For this task, copy all of the data below exactly and skip the pictures.

## PROVIDED DATA:
○ ○ ○ ○

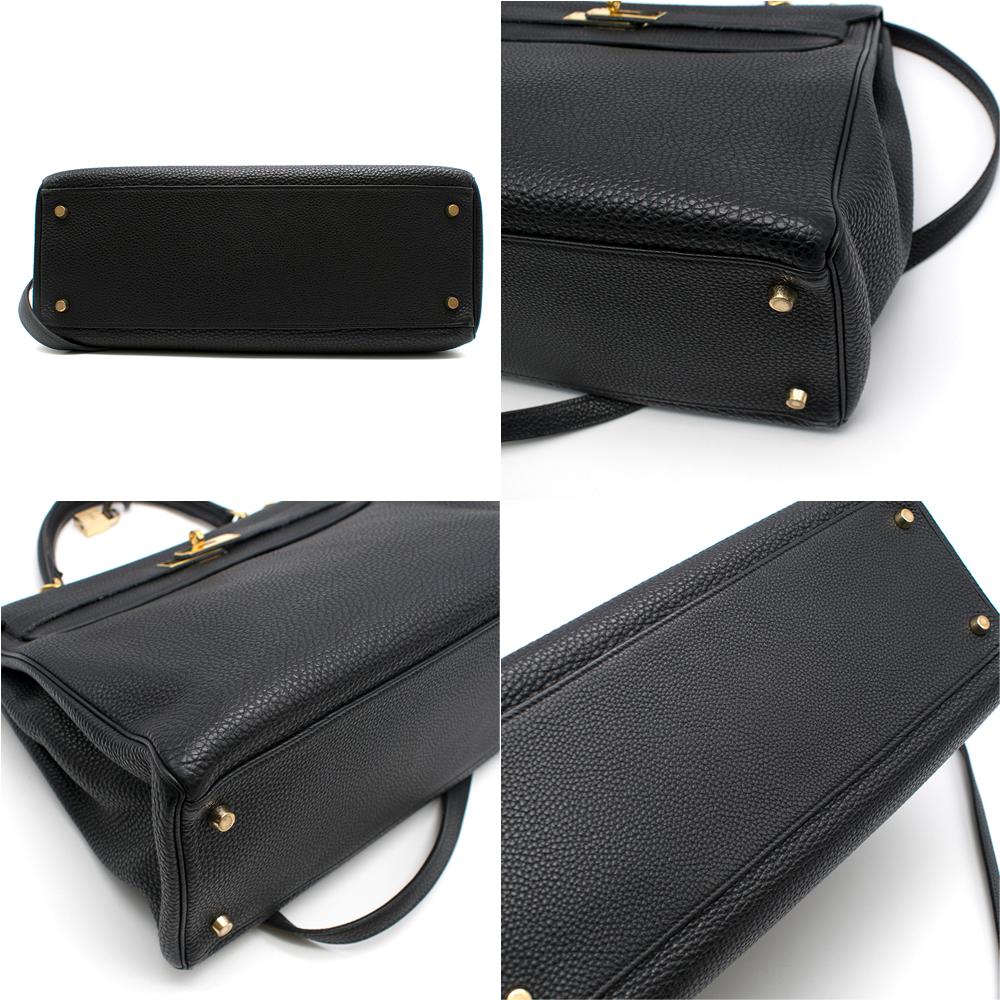 Hermes Black Togo Leather 35cm Sellier Kelly Bag	 For Sale 2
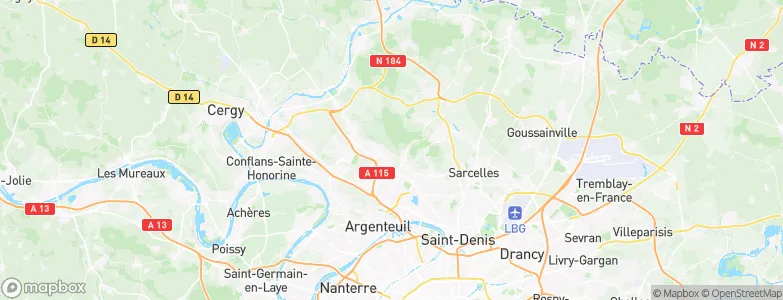 Saint-Prix, France Map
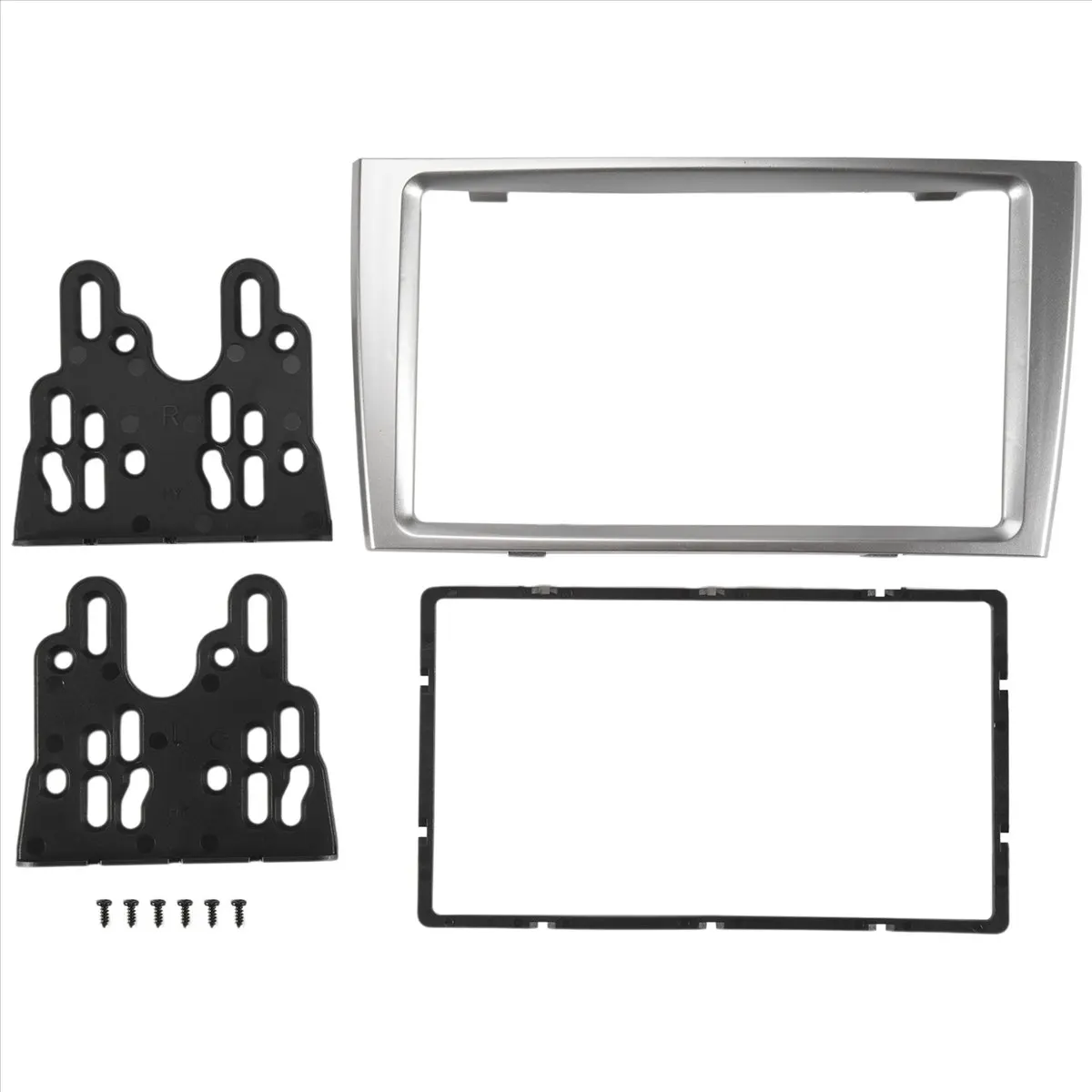 #33C (silver)Car Radio Fascia Frame Panel Kit for PEUGEOT 308/408 Car Styling,Automotive Parts & Accessories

○ ○ ○ ○

## TASK RESULT:
 Hermes Black Togo Leather 35cm Sellier Kelly Bag	 For Sale 2
 Saint-Prix, France Map
 #33C (silver)Car Radio Fascia Frame Panel Kit for PEUGEOT 308/408 Car Styling,Automotive Parts & Accessories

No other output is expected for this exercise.